● WHAT THE TASK REQUIRES: Every line in the records below between the one holding "SET 5 MASINI" and the one holding "Un banc de jardin", inclusive, is to be set down exactly; all other lines are to be left out.

::::::::

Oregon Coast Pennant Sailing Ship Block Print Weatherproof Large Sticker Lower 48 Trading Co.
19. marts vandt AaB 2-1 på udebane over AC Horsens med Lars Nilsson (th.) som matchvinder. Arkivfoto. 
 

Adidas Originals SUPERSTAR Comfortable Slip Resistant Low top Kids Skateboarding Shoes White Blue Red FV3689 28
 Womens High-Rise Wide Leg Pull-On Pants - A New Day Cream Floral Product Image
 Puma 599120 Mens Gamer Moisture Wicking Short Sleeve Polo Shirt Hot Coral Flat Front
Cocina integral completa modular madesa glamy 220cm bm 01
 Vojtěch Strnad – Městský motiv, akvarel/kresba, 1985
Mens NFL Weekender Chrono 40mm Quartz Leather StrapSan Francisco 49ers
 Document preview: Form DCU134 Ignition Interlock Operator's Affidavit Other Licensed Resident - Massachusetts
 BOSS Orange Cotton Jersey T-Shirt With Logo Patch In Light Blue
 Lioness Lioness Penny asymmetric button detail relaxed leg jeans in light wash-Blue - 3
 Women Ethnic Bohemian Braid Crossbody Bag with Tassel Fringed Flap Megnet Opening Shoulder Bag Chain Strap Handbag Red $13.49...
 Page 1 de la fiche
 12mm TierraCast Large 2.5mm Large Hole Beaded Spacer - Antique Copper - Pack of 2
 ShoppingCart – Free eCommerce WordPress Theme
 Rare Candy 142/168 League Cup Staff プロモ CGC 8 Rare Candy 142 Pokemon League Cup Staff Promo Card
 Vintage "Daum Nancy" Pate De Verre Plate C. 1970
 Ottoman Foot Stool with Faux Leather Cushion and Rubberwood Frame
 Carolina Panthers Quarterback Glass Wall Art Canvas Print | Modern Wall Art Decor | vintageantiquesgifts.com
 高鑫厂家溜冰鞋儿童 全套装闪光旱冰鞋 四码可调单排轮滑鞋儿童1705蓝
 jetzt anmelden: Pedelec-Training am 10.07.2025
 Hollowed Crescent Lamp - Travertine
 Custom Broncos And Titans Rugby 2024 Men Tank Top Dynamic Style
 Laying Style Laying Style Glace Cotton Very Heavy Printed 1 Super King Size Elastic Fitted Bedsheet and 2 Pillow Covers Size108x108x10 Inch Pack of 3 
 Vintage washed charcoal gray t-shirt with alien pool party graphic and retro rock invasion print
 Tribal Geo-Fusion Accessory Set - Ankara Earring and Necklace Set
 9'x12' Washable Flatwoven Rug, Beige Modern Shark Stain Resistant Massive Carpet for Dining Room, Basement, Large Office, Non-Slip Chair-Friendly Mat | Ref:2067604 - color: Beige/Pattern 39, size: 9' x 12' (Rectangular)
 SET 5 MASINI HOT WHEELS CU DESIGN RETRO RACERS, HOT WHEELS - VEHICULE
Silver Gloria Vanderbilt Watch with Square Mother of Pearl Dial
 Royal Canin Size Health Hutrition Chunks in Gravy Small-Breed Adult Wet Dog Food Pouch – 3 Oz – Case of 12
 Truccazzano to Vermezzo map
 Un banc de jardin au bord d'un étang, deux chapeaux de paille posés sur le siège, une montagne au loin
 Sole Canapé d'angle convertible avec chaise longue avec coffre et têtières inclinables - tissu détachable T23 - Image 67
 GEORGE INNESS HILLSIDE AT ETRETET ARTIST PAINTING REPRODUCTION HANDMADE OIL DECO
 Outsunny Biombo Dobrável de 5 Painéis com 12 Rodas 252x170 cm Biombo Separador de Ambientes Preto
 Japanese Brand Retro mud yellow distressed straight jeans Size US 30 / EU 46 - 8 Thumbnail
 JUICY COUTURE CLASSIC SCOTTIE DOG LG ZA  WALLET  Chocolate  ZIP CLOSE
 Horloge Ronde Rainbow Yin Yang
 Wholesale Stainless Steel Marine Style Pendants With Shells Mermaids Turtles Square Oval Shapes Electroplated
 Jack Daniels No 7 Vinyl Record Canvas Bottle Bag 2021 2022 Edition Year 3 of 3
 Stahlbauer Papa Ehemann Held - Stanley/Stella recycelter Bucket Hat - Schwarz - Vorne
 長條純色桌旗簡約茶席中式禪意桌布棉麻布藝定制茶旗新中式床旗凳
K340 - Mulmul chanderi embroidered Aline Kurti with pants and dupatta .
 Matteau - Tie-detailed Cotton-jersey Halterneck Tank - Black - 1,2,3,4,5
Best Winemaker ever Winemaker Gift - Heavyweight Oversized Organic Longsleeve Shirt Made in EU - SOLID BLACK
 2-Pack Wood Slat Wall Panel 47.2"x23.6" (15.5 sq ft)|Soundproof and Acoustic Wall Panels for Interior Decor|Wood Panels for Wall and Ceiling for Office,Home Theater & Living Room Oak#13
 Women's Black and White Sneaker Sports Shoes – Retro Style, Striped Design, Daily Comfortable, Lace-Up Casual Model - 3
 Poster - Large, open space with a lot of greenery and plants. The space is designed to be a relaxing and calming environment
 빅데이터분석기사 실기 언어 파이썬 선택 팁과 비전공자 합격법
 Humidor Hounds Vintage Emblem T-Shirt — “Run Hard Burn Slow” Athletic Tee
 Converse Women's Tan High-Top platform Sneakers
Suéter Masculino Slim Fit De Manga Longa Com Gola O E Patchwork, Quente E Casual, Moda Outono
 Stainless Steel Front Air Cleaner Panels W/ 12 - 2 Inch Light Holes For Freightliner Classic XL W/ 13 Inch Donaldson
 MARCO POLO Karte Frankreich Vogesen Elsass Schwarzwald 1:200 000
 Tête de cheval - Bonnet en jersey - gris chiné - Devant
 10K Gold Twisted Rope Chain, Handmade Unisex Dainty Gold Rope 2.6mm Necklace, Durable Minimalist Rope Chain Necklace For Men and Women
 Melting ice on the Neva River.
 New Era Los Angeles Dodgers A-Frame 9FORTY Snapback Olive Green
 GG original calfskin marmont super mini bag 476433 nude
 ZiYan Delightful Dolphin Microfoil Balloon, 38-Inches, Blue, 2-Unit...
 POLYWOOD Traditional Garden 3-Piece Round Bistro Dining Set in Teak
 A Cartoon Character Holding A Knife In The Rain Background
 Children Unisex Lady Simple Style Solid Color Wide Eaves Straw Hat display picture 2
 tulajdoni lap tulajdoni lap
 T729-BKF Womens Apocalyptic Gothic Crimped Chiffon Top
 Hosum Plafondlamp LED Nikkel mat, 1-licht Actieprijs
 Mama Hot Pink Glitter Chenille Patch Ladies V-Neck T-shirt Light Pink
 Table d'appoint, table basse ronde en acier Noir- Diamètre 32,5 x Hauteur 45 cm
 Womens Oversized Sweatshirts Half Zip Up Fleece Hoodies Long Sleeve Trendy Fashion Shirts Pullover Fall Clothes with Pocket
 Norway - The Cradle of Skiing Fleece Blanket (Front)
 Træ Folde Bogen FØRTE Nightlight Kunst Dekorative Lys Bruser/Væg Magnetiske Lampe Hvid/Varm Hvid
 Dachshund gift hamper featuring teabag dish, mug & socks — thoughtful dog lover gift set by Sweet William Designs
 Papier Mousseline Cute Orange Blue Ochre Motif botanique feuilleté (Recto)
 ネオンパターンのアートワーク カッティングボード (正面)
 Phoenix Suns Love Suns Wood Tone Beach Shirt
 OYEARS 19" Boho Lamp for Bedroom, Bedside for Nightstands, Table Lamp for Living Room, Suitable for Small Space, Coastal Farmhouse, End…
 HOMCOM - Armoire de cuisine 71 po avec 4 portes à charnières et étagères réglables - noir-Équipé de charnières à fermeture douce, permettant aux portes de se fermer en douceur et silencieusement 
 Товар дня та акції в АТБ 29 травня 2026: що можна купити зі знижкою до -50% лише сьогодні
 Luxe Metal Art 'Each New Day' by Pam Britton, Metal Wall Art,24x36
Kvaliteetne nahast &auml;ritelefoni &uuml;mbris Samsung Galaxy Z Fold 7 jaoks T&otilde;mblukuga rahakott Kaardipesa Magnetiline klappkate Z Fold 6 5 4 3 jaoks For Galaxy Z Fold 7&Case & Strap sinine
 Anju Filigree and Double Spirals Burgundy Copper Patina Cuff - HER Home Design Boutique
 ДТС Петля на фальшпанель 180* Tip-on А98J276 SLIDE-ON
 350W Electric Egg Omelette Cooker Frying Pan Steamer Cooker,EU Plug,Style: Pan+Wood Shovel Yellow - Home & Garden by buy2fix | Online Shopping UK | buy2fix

::::::::

● EXPECTED ANSWER:
 SET 5 MASINI HOT WHEELS CU DESIGN RETRO RACERS, HOT WHEELS - VEHICULE
Silver Gloria Vanderbilt Watch with Square Mother of Pearl Dial
 Royal Canin Size Health Hutrition Chunks in Gravy Small-Breed Adult Wet Dog Food Pouch – 3 Oz – Case of 12
 Truccazzano to Vermezzo map
 Un banc de jardin au bord d'un étang, deux chapeaux de paille posés sur le siège, une montagne au loin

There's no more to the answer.